The Colorado-based company helped pioneer the genre of snowmobiling movies with its Thunderstruck films — a series that this year reached 18 installments and with the latest set to screen Friday, Nov. 29 at the Panida Theater.
Presented by the Idaho Panhandle Avalanche Center and showing at 6 p.m., Thunderstruck 18 is currently touring throughout the West in both the United States and Canada. The Panida show follows a premiere in Calgary, Alberta and will be followed by a Nov. 30 screening in Revelstoke, B.C.
Team Thunderstruck specializes in pushing the sport of backcountry snowmobiling to its outer limits with insane hill climbs, hair-raising crashes and death-defying jumps in awe-inspiring locales.

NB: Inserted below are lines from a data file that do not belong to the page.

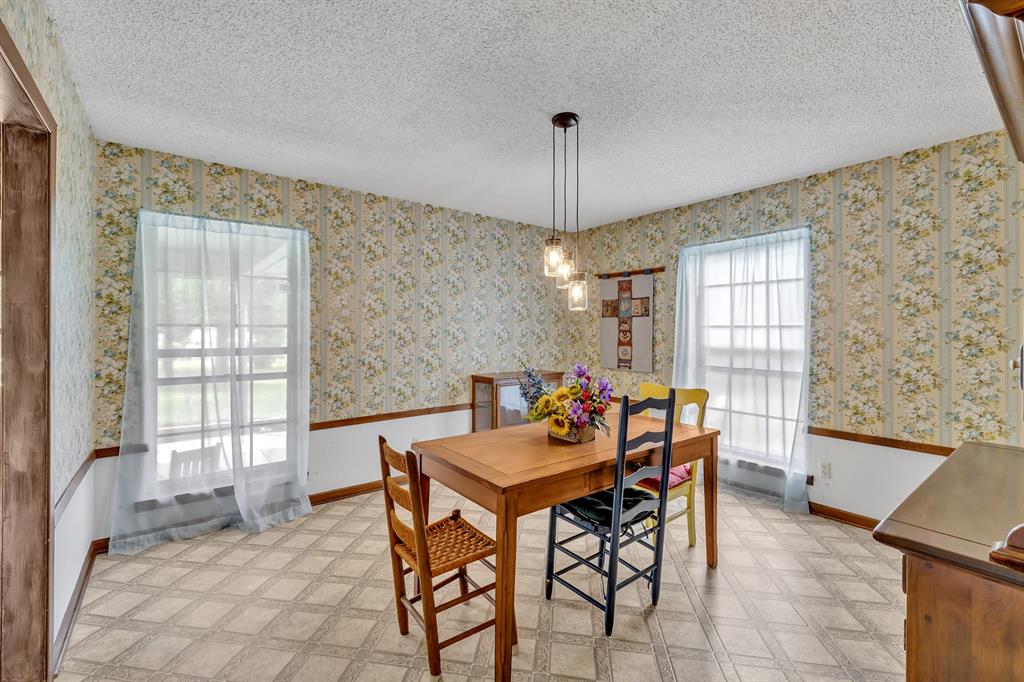 1368 County Road 2206 Rusk, TX 75785 - Photo 8 of 32 a view of a dining room with furniture and chandelier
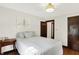 Comfortable bedroom with hardwood floors and neutral colors at 5015 Carrollton Ave, Indianapolis, IN 46205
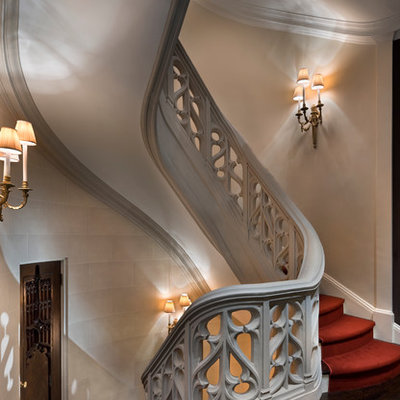 Example of a huge classic carpeted spiral staircase design in New York with wooden risers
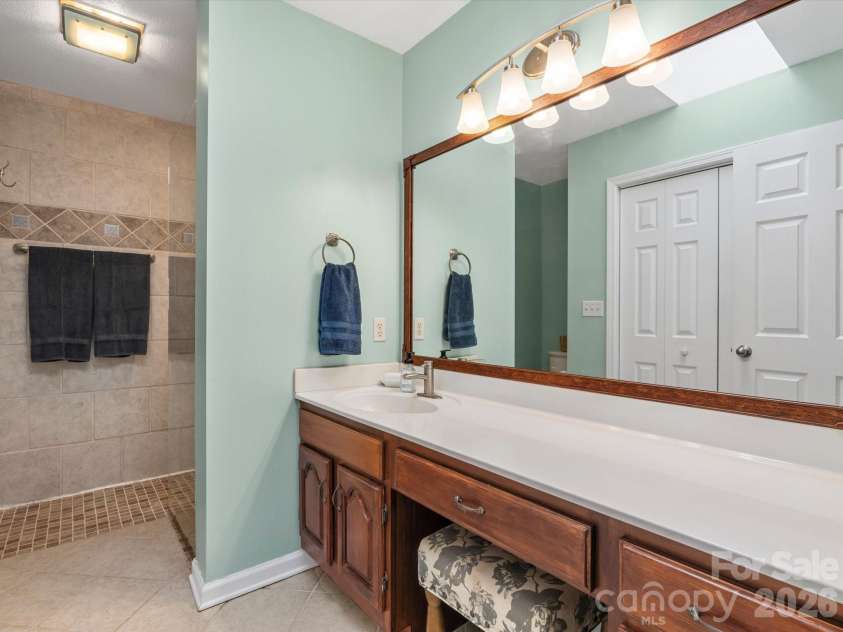 26 Morrow Drive, Fairview, NC 28730.  MLS# CAR4349703, YatesRealty ID 13987. Large ensuite bathroom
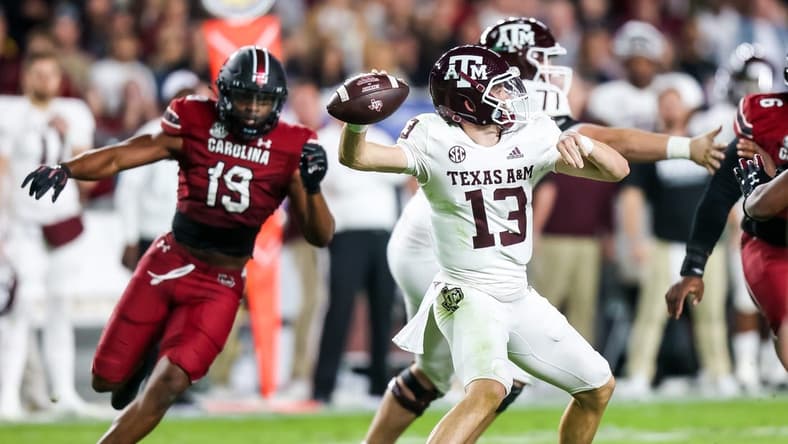 Oct 22, 2022; Columbia, South Carolina, USA; Texas A&M Aggies quarterback Haynes King (13) passes against the South Carolina Gamecocks in the second quarter at Williams-Brice Stadium. Mandatory Credit: Jeff Blake-USA TODAY Sports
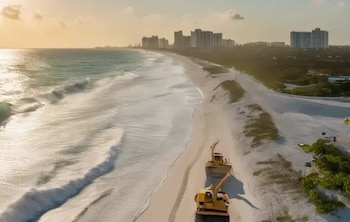 Dos excavadoras amarillas mueven arena en una playa con dunas. El mar con olas está a la izquierda y edificios altos se ven a lo lejos bajo un cielo al atardecer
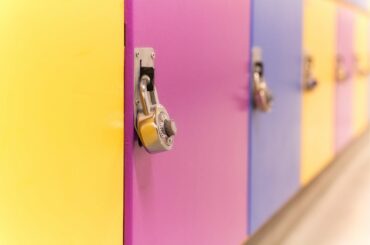 A closeup of a row of lockers in yellow, pink, and purple, with metal combination locks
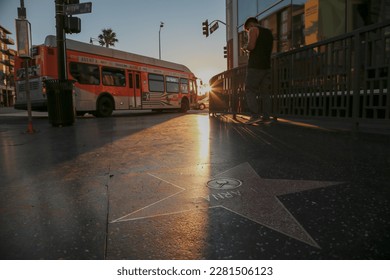 Sunrise on Hollywood Boulevard Walk of Fame as a city Bus drives by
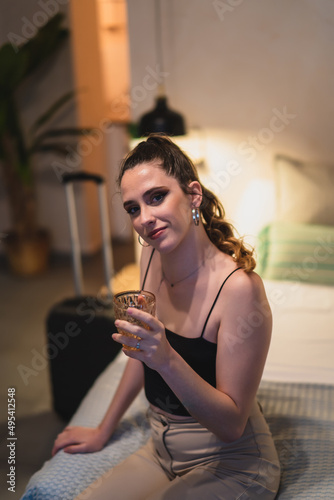 Chica delgada con pelo largo bebiendo agua en vaso de cristal al borde de una cama de hotel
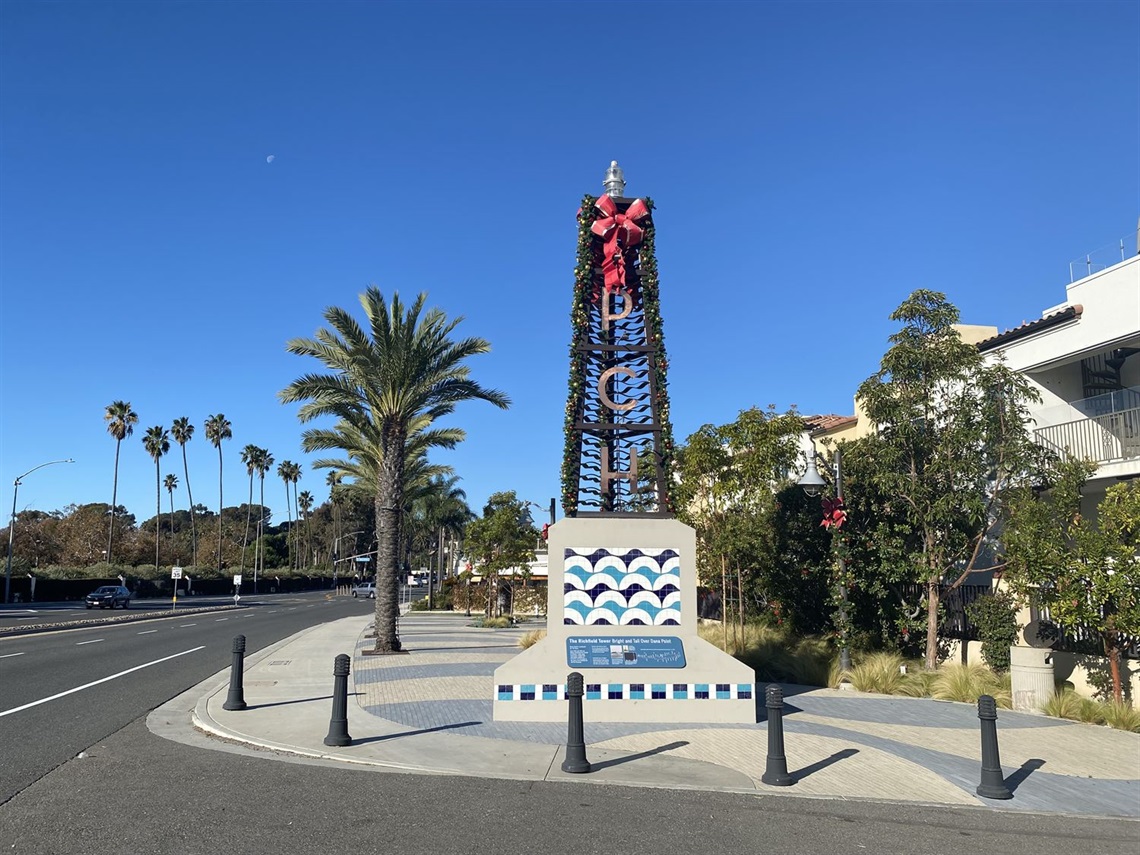 Wide view of the PCH sign decorated for the holidays with garland, lights, and a large red bow.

Quick-cuts and driving music fuel every Thunderstruck film, amounting to a feature-length feast of super-charged excitement as expert riders show just what can be done with a good sled and no small amount of chutzpah.
Founded in 1996 by rider Jim Phalen, who started with little more than a handy-cam and some friends, the company has since grown into “the only snowmobiling film in the world that incorporates every genre and style of western riding,” according to snowest.com.

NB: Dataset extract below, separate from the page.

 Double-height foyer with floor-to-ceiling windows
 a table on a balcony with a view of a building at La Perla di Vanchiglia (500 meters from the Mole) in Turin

The Thunderstruck series has piled up a good number of awards over the years, including “Best Rider in a Snowmobile Film” from Xtremey five times between 2004 and 2008. A host of more than 20 international riders make up the team, including a few Idahoans such as Riley Jensen-Hoyle, of Island Park; Julio Eiguren, of Boise by way of Australia; Mark Mesenbrink, of Hayden; Sid Huntsman, of Idaho Falls; and John Outhet, of Star.
As the company’s mission statement puts it: “Thunderstruck Films mission is to promote the sport of snowmobiling through the filming of our crazy antics and to hope that no one ever tries to repeat what we do in our films!”
Fair enough, but it’s definitely recommended that you watch those antics on film if you’re a fan of high-energy backcountry motorsports, complete with amazing deep powder sledding and stellar cinematography.